Start of Given information

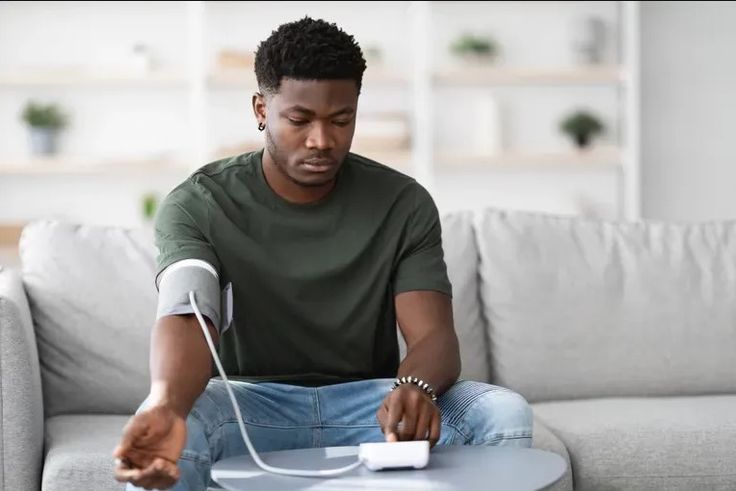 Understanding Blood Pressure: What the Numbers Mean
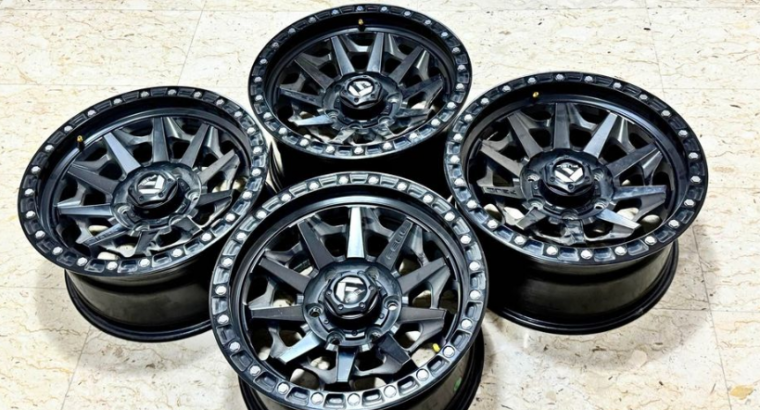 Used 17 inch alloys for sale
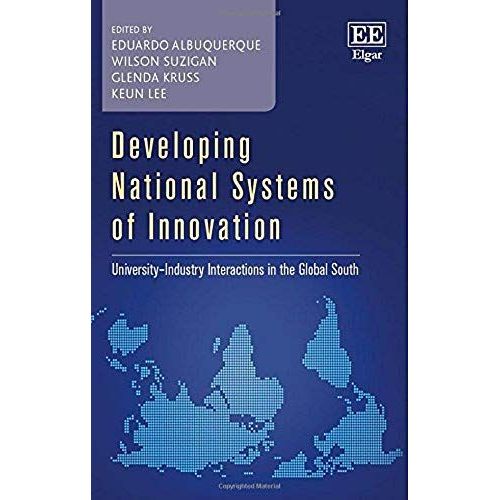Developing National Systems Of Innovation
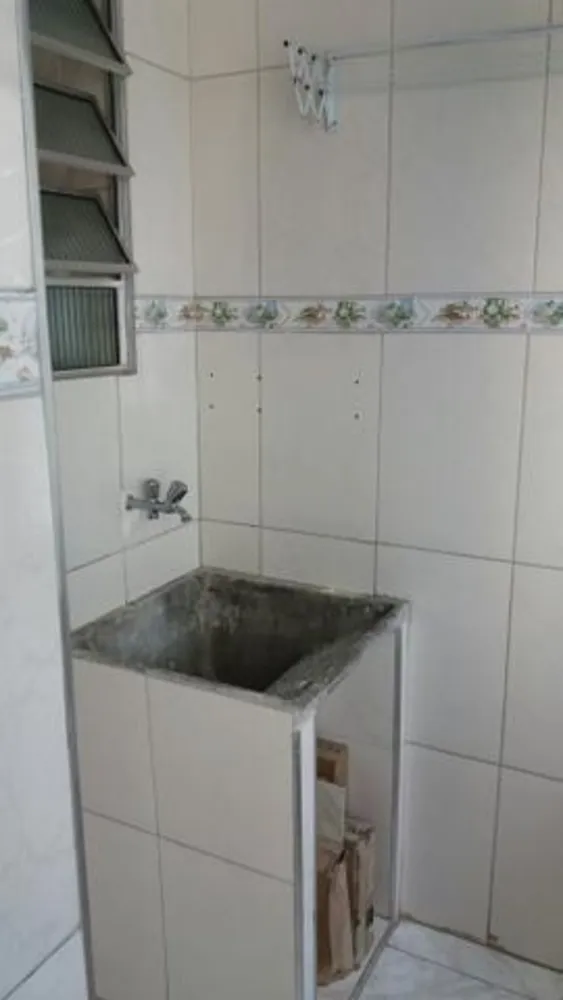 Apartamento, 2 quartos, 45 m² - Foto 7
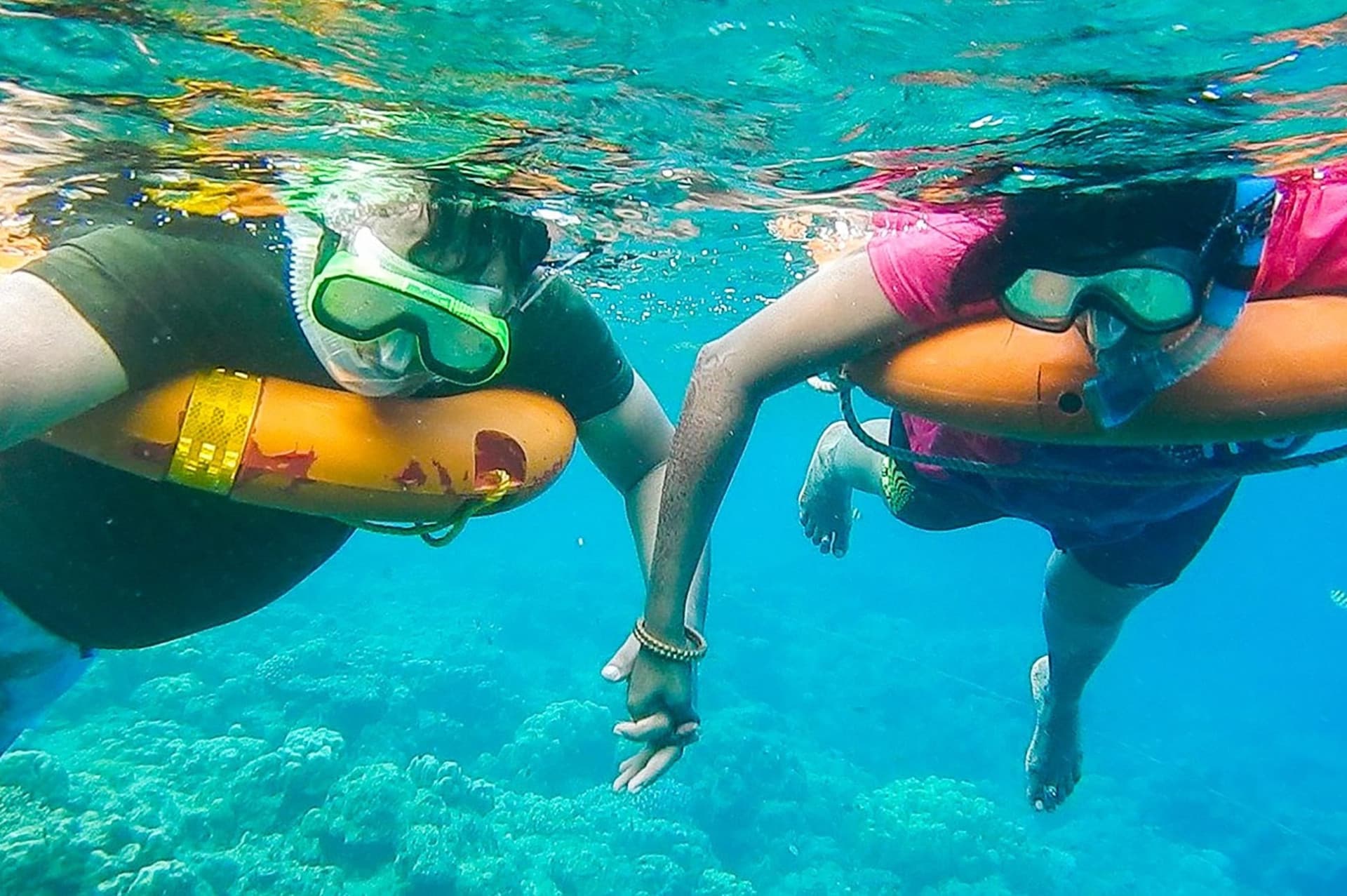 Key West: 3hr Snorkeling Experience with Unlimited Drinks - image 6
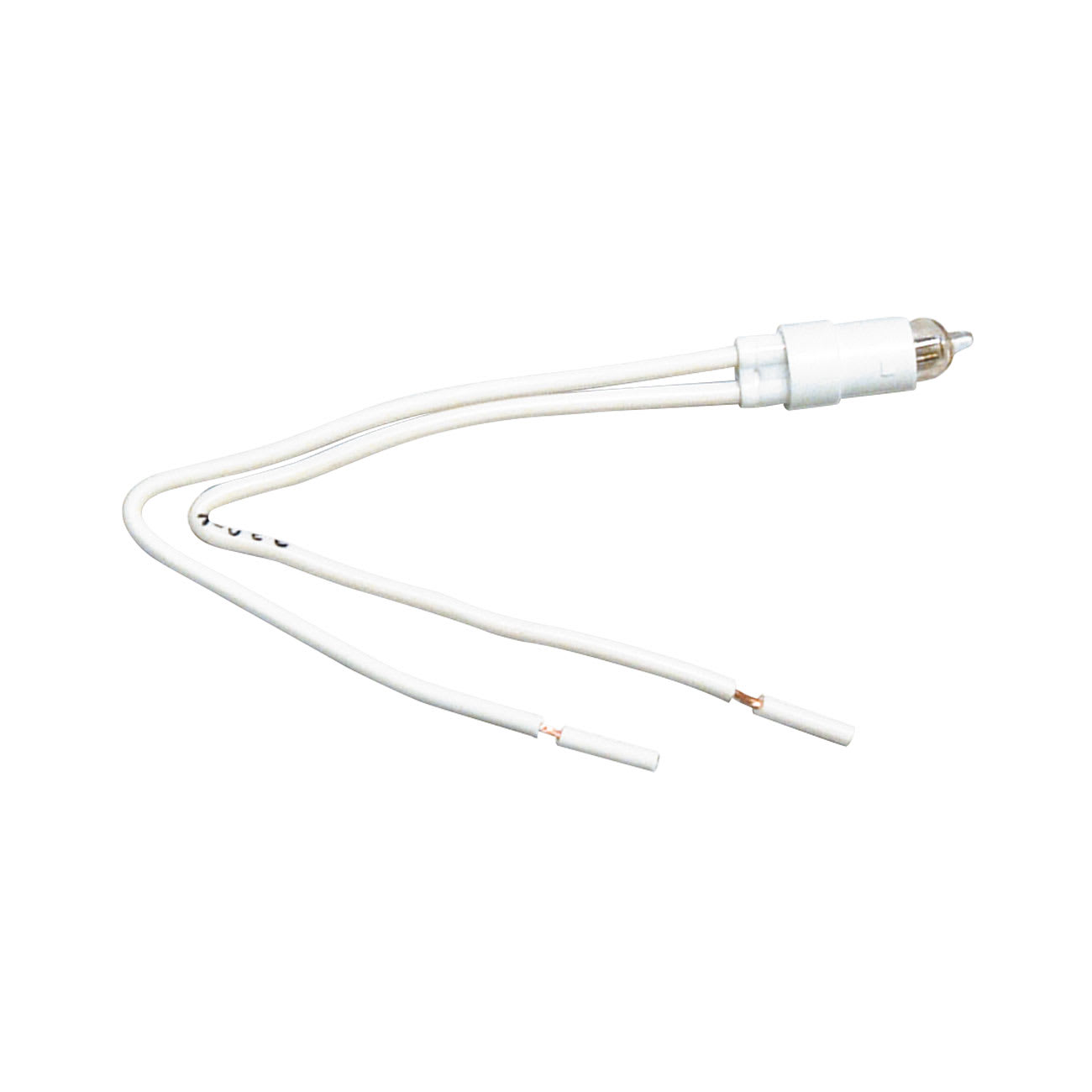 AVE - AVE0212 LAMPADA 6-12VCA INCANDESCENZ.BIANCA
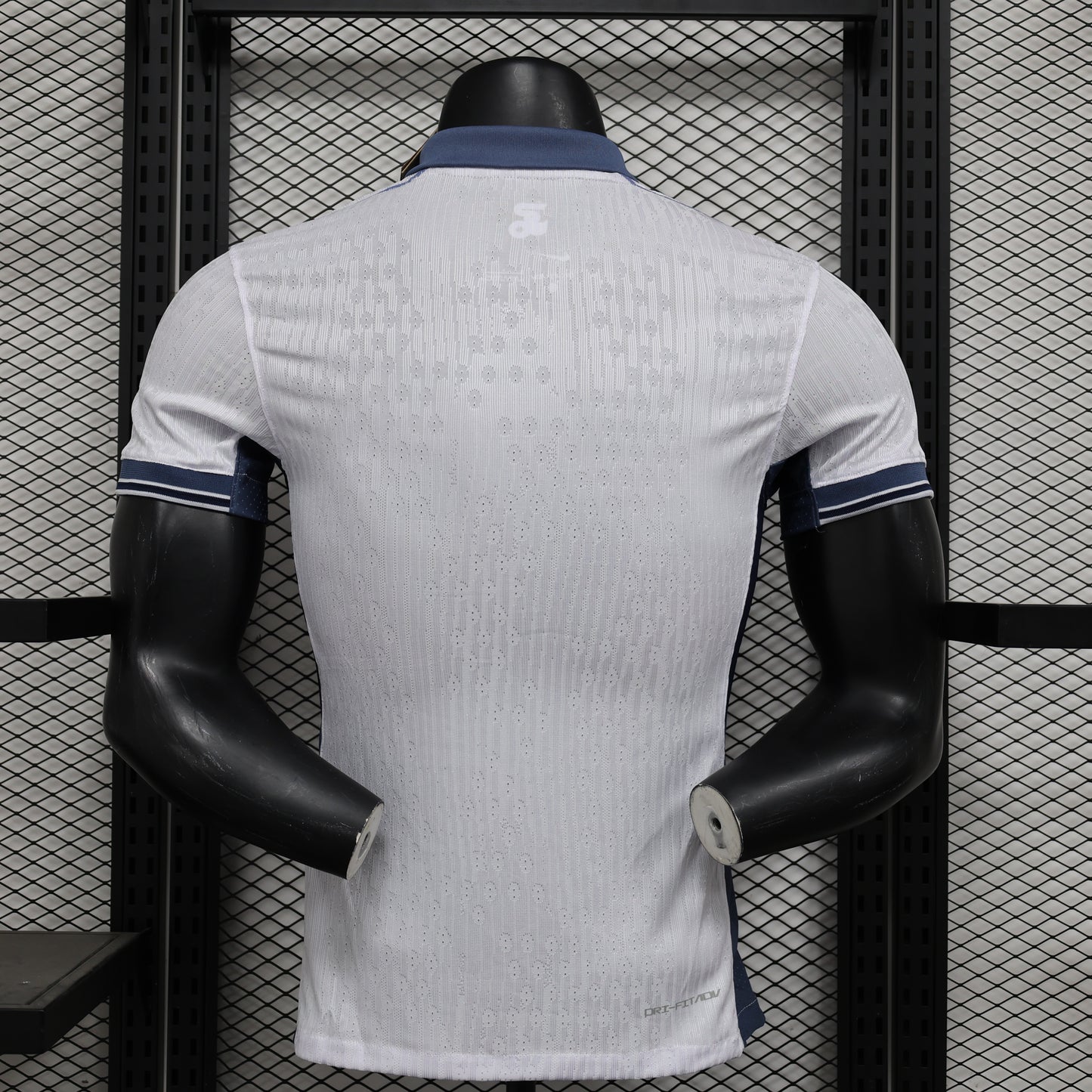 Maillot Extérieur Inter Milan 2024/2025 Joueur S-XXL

End of Given information

§ **Work to be completed**
In the records above, find the line with "Apartamento, 2 quartos, 45 m² - Foto 7" and copy from it through the last line exactly, without the pictures.

§ **Solution to this exercise**
 Apartamento, 2 quartos, 45 m² - Foto 7
 Key West: 3hr Snorkeling Experience with Unlimited Drinks - image 6
 AVE - AVE0212 LAMPADA 6-12VCA INCANDESCENZ.BIANCA
 Maillot Extérieur Inter Milan 2024/2025 Joueur S-XXL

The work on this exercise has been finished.